4. If Sen. Barack Obama seeks to morph Sen. John McCain into President Bush's mini-me, how long before history crashes in? (And does it matter that Obama flubbed some history of his own?)

5. Why on earth would the Clinton campaign be running a new slogan contest NOW? (Thank you for the e-mail, Chelsea, and here's a write-in suggestion: "My mom ran for president, and all I got was this lousy T-shirt.")

This is how it looks this Wednesday: Obama has basically stopped running against Clinton, and has starting running against McCain (via President Bush.)

McCain, to varying degrees, is running against both Obama and the president -- but shares just enough with both of them to make things interesting.

Clinton has (mostly) stopped running against Obama -- and now she's running against The Establishment (its media, its math, and its method of viewing the political world).
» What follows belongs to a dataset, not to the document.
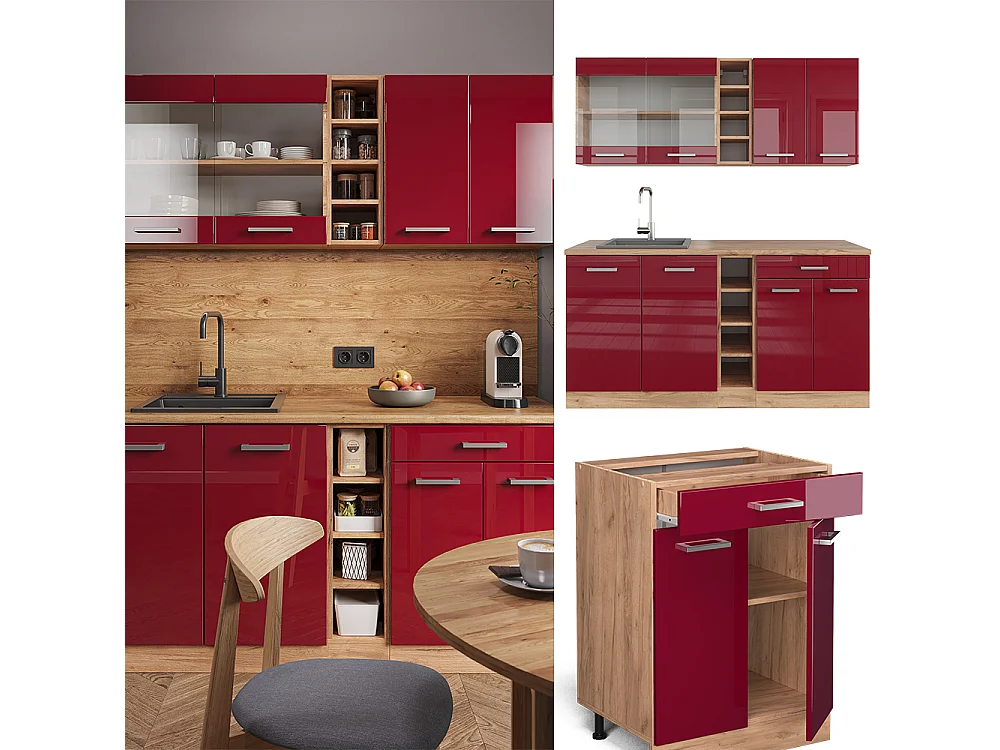 Cocina versátil rojo brillo intenso/roble dorado 160x60x81.6 r-line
But the point is: She's still running. It comes to this for the once-inevitable, always-inimitable candidate: Three final rounds primaries and one final meeting in a Washington hotel room should be all that stand between her and the end.

Yet while everyone looks for her to grope her way to the exit, she's finding reasons to stick around. James Carville, on ABC's "Good Morning America" Wednesday, said the end of voting June 3 could bring a "split decision," with Obama up in the delegate count and Clinton having received more votes.

"I think a lot of superdelegates are going to say, wait a minute, you got more votes than he did? . . . And look at those polls," Carville said.

And he blasted the Obama campaign for trying to score political points out of Clinton's comments Friday regarding the RFK assassination. "The way that they handled this South Dakota thing was not helpful at all. . . . This was not a good thing," Carville said. "Obama tried to pull a clever political trick, and it backfired on him."

Clinton herself got maybe a little carried away here, speaking in Billings, Mon., Tuesday night: "Based on every analysis of every bit of research, and every poll that's been taken and every state that a Democrat has to win -- I am the stronger candidate against John McCain in the fall," she said, ABC's Eloise Harper reports.

Still, the road to 2008 has already split -- and Clinton's not following the route she planned out. "The differing paths the two Democratic candidates took Tuesday signaled the looming end of their contest, with Obama campaigning as though he already is his party's standard-bearer and Clinton still contesting the nomination," Scott Martelle writes in The Los Angeles Times.

In that general election that's starting without Clinton, Obama wants McCain and Bush to be running together. Obama is "trying to make Bush McCain's running mate," ABC's Jake Tapper reported Wednesday on "GMA." "Hillary? Hillary who?"

McCain's fund-raiser with President Bush Tuesday defines the terms of their new relationship -- and lets Obama hone his argument on that very subject.

"No cameras. No reporters," Obama said at a campaign event in Las Vegas, per ABC's Sunlen Miller. "And we all know why. Senator McCain doesn't want to be seen, hat in hand, with the president whose failed policies he promises to continue for another four years." McCain knows his politics -- and a photo-op was about all he wanted with his rival/friend/rival.

"On Tuesday, Mr. Bush's role [in McCain's campaign] became much clearer when he held his first event for Mr. McCain. He will show up to raise money (thank you very much), and he will say and do as little as possible, at least in public view," Steven Lee Myers writes in The New York Times. "The politicking seemed far removed from the sunny day at the White House in March when Mr. McCain, still flush from his triumph over a crowded primary field, and Mr. Bush appeared like two old friends."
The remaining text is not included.